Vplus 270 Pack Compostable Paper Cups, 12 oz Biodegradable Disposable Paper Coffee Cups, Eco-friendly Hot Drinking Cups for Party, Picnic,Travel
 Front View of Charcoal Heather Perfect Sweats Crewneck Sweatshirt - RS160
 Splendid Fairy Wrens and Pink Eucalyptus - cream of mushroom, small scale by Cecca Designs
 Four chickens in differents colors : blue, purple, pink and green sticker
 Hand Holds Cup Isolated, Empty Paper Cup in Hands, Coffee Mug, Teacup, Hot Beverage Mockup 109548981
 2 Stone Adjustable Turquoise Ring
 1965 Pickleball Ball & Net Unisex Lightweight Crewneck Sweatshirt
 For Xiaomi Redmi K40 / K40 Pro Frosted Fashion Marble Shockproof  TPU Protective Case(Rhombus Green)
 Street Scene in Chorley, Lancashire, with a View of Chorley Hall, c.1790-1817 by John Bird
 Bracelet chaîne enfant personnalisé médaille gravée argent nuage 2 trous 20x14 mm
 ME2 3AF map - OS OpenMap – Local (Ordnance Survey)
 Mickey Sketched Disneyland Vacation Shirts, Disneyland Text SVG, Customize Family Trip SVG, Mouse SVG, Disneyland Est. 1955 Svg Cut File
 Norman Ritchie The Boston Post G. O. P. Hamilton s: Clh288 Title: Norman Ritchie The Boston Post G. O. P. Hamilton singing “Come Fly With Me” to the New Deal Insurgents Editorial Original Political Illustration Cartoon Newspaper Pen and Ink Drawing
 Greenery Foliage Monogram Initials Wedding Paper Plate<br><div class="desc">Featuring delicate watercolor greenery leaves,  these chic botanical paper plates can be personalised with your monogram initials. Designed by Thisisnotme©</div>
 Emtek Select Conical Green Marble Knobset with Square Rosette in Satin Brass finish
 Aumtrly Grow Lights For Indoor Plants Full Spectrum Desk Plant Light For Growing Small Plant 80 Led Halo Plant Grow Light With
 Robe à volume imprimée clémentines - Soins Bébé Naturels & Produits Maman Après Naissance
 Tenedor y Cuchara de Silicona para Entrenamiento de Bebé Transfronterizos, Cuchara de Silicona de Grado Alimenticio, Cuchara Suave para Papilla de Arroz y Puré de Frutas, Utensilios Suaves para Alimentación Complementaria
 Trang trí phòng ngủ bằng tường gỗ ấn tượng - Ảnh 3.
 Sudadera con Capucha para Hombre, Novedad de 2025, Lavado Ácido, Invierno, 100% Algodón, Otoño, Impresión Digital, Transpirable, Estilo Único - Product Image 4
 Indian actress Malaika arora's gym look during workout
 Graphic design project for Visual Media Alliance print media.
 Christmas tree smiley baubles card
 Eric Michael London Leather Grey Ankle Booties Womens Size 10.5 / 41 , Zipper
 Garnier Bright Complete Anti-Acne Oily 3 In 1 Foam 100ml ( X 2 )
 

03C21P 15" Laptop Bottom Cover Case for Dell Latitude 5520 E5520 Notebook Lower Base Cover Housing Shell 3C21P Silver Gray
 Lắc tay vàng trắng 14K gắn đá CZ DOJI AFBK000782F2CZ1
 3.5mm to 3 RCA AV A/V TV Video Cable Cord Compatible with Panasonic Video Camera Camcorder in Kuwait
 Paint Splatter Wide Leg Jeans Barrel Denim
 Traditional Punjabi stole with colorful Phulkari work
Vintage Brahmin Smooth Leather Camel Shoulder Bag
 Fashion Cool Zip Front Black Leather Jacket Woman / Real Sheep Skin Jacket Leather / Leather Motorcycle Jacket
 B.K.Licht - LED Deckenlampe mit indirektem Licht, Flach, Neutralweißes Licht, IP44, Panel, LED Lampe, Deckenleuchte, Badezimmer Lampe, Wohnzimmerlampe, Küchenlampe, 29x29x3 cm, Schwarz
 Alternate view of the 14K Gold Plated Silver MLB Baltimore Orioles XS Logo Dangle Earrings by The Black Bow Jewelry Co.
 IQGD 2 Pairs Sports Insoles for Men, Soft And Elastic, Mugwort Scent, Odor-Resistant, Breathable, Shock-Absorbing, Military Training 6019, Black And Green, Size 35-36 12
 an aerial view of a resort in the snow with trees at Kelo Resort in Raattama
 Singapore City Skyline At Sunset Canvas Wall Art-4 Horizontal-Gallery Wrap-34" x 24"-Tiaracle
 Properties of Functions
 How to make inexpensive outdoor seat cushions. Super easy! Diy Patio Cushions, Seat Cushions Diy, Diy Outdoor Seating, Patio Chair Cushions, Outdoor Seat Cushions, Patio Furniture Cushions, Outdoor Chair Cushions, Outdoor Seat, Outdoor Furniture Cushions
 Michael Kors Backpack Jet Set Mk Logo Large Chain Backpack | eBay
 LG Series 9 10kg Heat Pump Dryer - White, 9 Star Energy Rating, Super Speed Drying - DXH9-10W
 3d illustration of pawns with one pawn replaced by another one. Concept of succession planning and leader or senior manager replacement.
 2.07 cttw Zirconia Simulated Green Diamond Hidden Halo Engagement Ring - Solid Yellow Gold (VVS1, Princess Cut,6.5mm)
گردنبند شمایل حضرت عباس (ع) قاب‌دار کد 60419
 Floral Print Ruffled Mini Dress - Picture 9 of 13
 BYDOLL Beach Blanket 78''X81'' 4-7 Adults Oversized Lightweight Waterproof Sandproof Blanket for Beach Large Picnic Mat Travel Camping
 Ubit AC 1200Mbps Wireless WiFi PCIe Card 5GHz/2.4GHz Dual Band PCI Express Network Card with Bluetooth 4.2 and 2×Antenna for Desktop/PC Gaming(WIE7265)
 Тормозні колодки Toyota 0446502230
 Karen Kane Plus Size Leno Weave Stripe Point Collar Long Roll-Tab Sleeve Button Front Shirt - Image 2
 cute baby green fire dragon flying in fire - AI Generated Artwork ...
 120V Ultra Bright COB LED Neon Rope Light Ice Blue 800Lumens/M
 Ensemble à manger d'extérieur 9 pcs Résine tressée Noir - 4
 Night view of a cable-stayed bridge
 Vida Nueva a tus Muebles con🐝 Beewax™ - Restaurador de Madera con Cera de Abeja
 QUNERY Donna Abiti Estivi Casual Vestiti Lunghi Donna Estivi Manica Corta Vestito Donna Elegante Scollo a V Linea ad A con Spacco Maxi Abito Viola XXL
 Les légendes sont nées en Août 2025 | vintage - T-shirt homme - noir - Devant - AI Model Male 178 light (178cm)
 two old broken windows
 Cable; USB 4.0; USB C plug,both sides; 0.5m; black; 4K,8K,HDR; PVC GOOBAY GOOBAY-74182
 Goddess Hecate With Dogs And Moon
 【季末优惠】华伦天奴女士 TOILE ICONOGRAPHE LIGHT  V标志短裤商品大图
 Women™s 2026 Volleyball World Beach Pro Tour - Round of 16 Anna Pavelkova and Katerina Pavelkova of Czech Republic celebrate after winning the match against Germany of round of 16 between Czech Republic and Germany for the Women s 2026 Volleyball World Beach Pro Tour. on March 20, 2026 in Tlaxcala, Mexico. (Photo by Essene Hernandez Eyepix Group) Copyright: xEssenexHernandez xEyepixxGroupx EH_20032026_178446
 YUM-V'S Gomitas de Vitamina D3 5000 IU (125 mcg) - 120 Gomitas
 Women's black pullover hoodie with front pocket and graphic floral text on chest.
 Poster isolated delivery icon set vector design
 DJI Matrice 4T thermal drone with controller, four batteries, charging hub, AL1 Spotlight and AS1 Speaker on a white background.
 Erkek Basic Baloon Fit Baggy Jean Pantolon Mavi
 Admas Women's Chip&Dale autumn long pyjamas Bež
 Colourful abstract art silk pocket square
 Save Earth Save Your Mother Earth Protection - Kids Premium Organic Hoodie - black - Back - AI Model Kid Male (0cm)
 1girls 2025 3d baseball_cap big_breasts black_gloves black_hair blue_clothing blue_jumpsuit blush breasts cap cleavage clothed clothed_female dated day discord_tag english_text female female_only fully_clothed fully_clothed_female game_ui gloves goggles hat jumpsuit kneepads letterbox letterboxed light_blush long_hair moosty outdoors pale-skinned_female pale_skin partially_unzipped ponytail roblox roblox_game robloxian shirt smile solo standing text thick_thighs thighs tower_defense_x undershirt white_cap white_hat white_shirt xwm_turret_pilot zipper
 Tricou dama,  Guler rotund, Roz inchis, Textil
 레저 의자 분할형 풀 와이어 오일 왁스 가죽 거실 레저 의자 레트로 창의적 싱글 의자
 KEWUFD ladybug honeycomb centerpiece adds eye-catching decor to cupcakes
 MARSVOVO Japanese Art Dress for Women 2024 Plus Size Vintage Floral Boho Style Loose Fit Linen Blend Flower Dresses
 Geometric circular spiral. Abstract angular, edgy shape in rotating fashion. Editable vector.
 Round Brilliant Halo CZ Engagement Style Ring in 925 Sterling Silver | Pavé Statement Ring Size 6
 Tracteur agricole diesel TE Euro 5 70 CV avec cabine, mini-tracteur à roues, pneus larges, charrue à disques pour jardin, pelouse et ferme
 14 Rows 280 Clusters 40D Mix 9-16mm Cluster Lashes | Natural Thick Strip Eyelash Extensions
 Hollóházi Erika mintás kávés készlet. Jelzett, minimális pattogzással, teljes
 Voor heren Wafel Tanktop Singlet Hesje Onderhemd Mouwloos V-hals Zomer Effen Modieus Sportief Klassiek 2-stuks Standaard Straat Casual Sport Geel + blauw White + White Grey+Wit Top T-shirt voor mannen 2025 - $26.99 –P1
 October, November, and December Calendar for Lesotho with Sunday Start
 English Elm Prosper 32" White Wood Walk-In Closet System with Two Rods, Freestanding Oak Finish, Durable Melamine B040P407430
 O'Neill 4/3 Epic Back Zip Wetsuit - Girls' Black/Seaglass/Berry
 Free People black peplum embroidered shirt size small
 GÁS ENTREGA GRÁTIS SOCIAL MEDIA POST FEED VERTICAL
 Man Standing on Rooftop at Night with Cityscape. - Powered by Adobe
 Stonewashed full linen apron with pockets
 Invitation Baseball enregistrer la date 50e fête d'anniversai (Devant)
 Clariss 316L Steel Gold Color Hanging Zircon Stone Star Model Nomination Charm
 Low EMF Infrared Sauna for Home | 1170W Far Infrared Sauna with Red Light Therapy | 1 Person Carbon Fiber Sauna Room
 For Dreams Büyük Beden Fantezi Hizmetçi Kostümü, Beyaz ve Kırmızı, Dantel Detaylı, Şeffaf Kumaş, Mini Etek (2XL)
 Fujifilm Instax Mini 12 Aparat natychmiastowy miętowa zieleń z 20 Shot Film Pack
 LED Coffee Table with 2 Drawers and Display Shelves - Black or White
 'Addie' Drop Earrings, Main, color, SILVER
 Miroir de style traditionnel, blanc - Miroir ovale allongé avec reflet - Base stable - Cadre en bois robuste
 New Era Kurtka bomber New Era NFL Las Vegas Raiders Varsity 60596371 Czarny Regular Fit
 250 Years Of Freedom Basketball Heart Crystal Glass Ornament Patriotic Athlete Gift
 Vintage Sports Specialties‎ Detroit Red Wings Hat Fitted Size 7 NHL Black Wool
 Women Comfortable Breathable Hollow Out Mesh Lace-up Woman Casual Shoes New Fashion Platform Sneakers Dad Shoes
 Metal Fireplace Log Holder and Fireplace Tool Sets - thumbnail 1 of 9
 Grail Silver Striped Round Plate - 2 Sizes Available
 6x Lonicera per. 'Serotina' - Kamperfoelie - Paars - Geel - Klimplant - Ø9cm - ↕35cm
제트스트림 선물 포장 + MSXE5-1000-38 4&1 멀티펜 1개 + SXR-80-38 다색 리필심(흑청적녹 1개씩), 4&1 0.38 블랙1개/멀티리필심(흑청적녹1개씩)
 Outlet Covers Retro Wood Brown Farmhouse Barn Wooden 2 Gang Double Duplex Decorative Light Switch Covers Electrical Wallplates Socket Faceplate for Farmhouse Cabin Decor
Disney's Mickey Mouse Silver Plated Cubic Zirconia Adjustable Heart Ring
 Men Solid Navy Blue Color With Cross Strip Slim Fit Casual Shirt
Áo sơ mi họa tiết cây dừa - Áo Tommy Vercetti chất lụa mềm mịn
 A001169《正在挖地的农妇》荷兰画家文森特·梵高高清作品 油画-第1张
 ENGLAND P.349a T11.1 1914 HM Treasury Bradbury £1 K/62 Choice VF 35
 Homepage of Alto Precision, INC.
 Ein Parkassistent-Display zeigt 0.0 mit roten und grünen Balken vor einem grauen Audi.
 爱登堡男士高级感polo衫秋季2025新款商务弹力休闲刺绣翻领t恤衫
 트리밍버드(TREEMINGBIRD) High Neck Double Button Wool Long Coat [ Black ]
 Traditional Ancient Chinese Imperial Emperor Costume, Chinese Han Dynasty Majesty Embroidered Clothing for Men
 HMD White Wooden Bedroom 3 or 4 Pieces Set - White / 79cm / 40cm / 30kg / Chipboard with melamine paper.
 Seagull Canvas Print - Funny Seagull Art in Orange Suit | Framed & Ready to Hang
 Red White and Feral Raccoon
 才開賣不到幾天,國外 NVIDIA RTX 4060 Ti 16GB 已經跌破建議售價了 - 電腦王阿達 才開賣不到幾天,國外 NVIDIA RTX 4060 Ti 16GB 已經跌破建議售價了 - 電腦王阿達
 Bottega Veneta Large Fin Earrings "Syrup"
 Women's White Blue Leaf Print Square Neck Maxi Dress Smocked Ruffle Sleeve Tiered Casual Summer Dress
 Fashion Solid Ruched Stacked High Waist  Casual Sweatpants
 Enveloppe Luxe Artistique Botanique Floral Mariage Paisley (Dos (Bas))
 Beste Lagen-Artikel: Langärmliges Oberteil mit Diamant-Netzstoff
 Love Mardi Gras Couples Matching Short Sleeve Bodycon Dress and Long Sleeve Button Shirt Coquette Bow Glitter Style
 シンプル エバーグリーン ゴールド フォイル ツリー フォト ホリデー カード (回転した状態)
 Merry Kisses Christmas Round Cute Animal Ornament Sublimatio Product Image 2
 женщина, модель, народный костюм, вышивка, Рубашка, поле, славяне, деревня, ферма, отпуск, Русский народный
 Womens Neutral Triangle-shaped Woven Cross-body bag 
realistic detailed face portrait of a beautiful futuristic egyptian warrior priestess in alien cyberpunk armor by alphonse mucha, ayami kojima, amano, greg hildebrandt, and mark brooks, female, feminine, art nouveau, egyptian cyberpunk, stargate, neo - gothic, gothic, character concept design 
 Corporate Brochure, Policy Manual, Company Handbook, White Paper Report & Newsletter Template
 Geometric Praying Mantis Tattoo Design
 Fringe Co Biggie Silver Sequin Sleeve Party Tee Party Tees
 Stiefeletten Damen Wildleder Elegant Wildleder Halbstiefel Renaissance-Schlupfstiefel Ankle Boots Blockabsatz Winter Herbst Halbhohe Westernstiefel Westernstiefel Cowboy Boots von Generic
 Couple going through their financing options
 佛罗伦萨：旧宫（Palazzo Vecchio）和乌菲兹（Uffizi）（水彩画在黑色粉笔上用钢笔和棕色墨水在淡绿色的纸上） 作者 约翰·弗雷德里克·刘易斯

(Work request)
Within the material above, transcribe exactly the lines that run from the line holding "Admas Women's Chip&Dale" through the line holding "Geometric circular spiral.".

(Problem solution)
 Admas Women's Chip&Dale autumn long pyjamas Bež
 Colourful abstract art silk pocket square
 Save Earth Save Your Mother Earth Protection - Kids Premium Organic Hoodie - black - Back - AI Model Kid Male (0cm)
 1girls 2025 3d baseball_cap big_breasts black_gloves black_hair blue_clothing blue_jumpsuit blush breasts cap cleavage clothed clothed_female dated day discord_tag english_text female female_only fully_clothed fully_clothed_female game_ui gloves goggles hat jumpsuit kneepads letterbox letterboxed light_blush long_hair moosty outdoors pale-skinned_female pale_skin partially_unzipped ponytail roblox roblox_game robloxian shirt smile solo standing text thick_thighs thighs tower_defense_x undershirt white_cap white_hat white_shirt xwm_turret_pilot zipper
 Tricou dama,  Guler rotund, Roz inchis, Textil
 레저 의자 분할형 풀 와이어 오일 왁스 가죽 거실 레저 의자 레트로 창의적 싱글 의자
 KEWUFD ladybug honeycomb centerpiece adds eye-catching decor to cupcakes
 MARSVOVO Japanese Art Dress for Women 2024 Plus Size Vintage Floral Boho Style Loose Fit Linen Blend Flower Dresses
 Geometric circular spiral. Abstract angular, edgy shape in rotating fashion. Editable vector.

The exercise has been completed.